▶ _ASSIGNMENT_
Reproduce exactly the stretch of lines running from the line with "Tea Log Website Vorschau" to the end of the entries below.

▶ _SUPPLIED MATERIAL_
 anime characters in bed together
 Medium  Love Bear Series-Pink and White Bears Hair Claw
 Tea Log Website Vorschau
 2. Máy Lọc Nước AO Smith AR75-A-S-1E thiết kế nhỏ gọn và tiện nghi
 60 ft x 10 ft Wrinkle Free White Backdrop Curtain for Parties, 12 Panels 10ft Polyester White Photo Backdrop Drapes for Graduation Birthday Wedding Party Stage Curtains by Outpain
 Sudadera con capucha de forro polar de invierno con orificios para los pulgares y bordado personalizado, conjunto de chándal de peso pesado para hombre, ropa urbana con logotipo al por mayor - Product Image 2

▶ _RESPONSE TO THE TASK_
 Tea Log Website Vorschau
 2. Máy Lọc Nước AO Smith AR75-A-S-1E thiết kế nhỏ gọn và tiện nghi
 60 ft x 10 ft Wrinkle Free White Backdrop Curtain for Parties, 12 Panels 10ft Polyester White Photo Backdrop Drapes for Graduation Birthday Wedding Party Stage Curtains by Outpain
 Sudadera con capucha de forro polar de invierno con orificios para los pulgares y bordado personalizado, conjunto de chándal de peso pesado para hombre, ropa urbana con logotipo al por mayor - Product Image 2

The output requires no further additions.